§ PROBLEM REQUIREMENTS
Look through the listing below for the line containing "Kimono lungo da". Copy it and each line after it up to and including the line containing "Fauna Faux Fur", exactly, leaving out pictures.

§ DATA LISTING
┌──
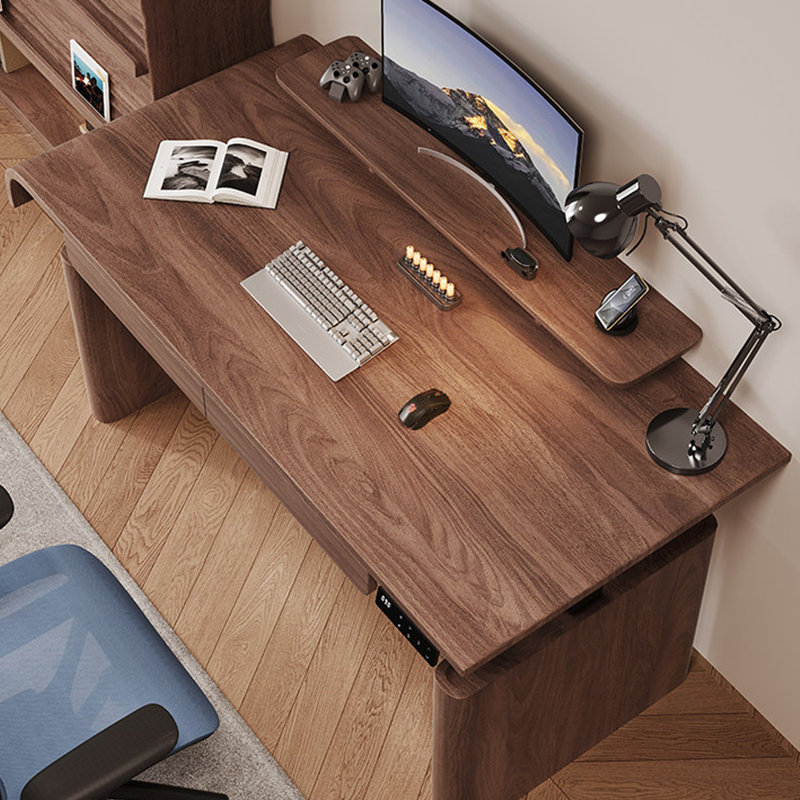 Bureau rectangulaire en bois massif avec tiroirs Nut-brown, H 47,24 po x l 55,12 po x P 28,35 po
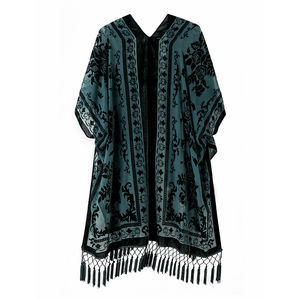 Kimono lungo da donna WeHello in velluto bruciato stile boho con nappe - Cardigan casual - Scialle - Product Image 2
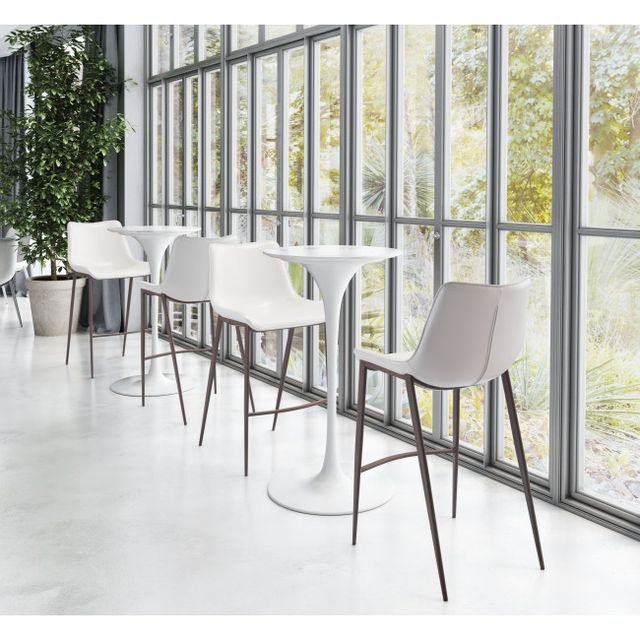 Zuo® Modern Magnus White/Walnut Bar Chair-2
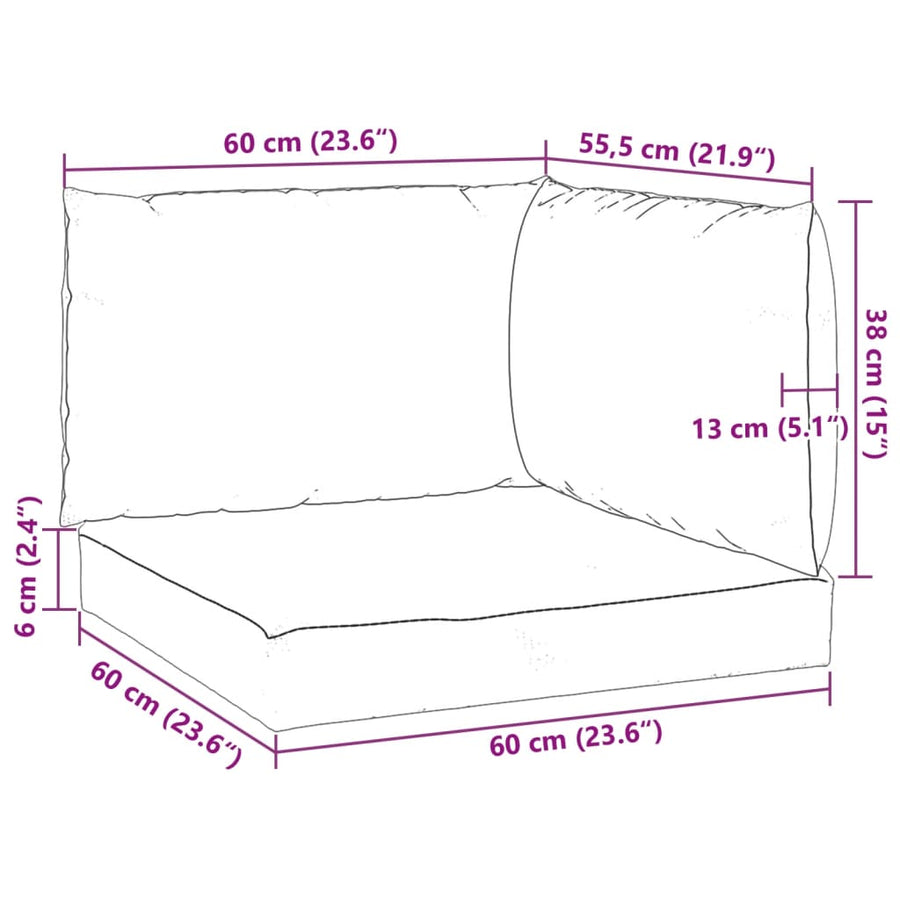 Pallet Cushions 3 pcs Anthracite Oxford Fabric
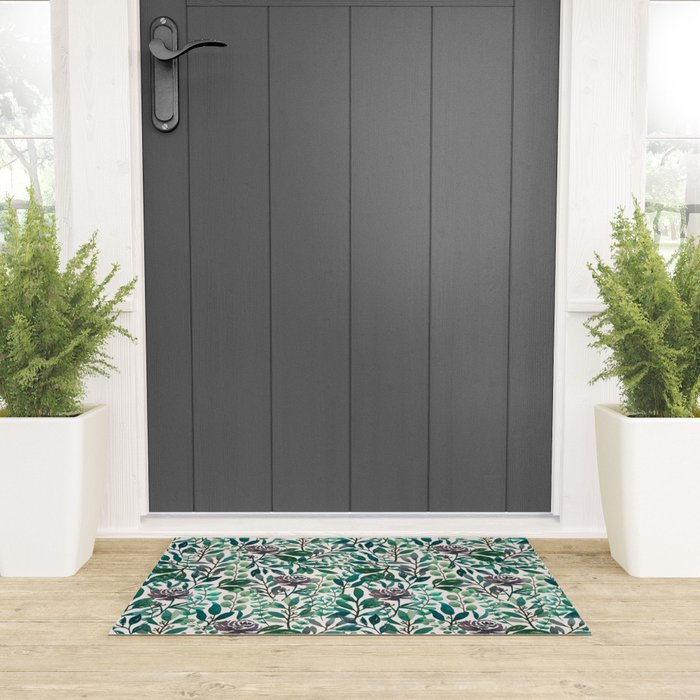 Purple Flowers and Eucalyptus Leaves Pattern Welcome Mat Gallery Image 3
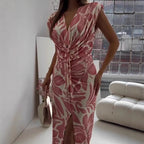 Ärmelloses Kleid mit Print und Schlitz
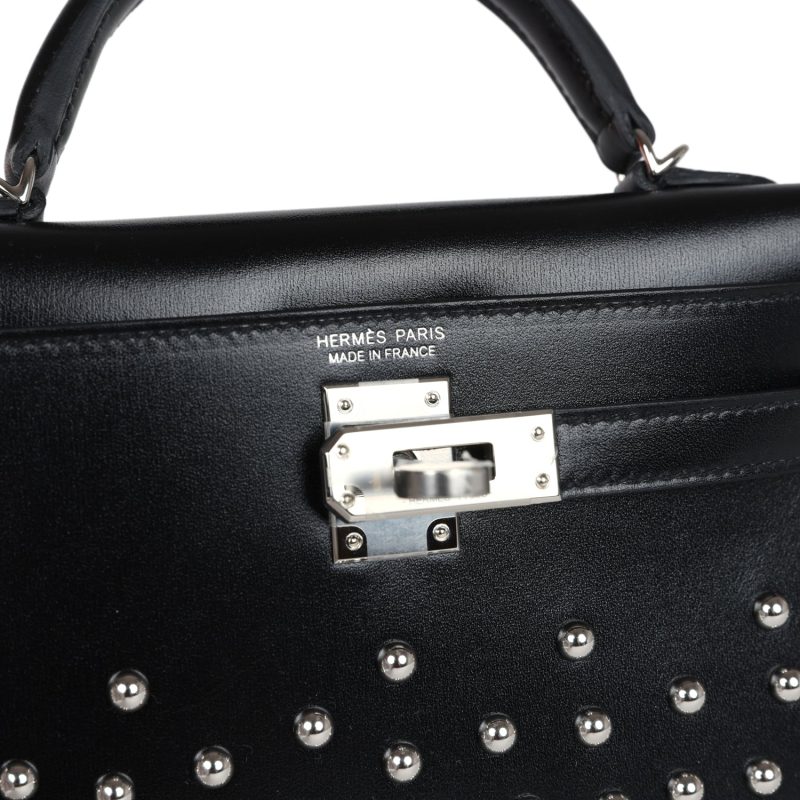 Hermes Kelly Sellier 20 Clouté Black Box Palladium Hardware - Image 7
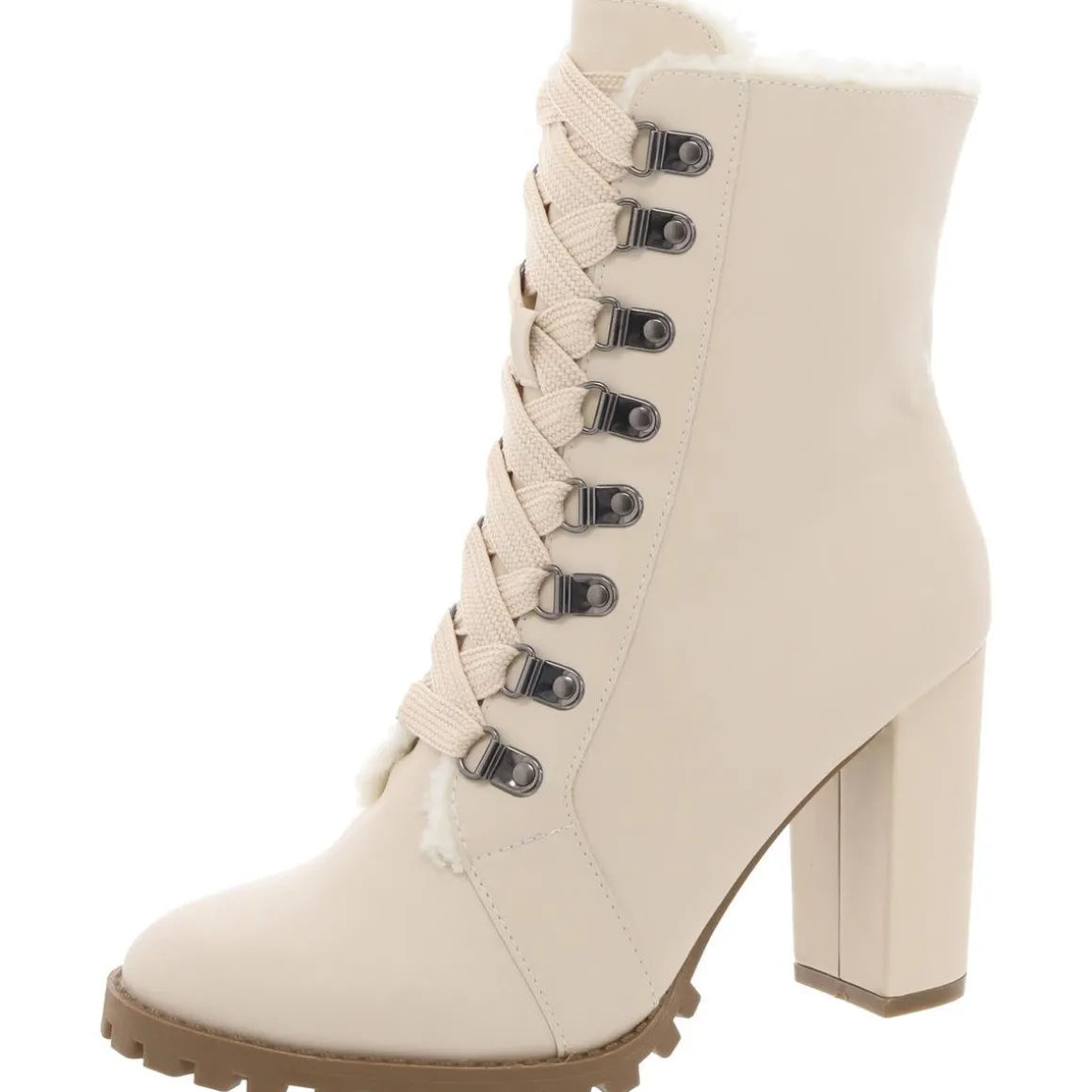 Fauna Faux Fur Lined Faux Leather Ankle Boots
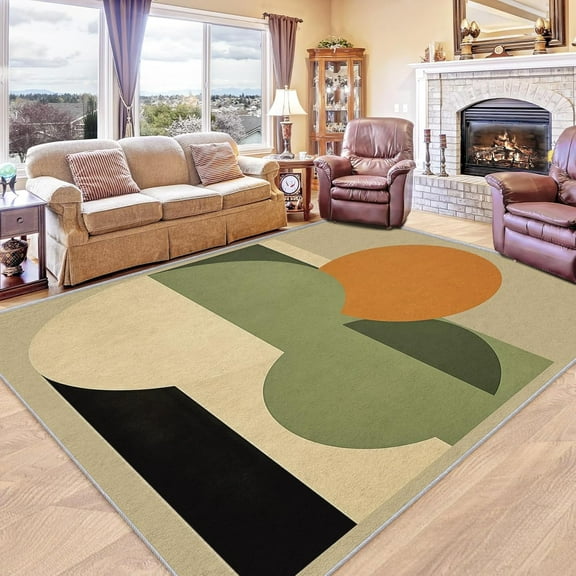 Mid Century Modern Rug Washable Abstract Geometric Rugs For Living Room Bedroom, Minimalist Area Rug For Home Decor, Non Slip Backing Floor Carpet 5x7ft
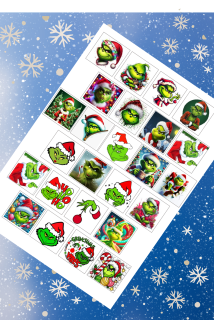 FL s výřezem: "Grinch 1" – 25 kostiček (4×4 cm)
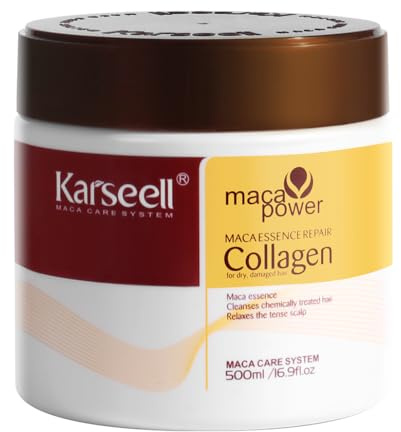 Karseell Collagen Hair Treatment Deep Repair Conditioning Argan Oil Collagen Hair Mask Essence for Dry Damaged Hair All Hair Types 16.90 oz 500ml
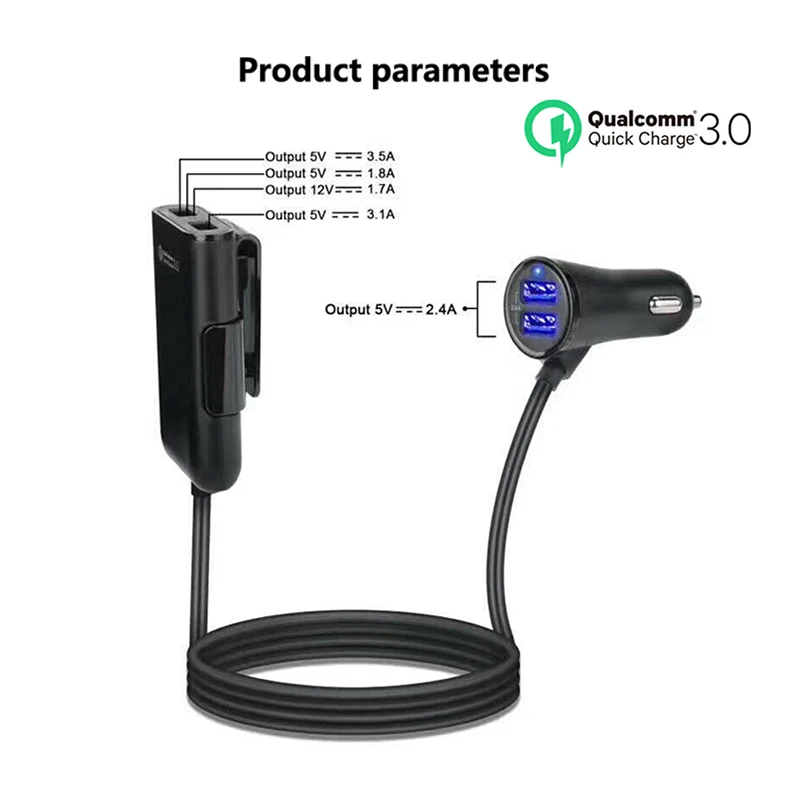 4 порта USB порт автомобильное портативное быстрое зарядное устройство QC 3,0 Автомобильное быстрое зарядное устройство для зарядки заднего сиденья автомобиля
└──
§ TASK OUTPUT
 Kimono lungo da donna WeHello in velluto bruciato stile boho con nappe - Cardigan casual - Scialle - Product Image 2
 Zuo® Modern Magnus White/Walnut Bar Chair-2
 Pallet Cushions 3 pcs Anthracite Oxford Fabric
 Purple Flowers and Eucalyptus Leaves Pattern Welcome Mat Gallery Image 3
 Ärmelloses Kleid mit Print und Schlitz
 Hermes Kelly Sellier 20 Clouté Black Box Palladium Hardware - Image 7
 Fauna Faux Fur Lined Faux Leather Ankle Boots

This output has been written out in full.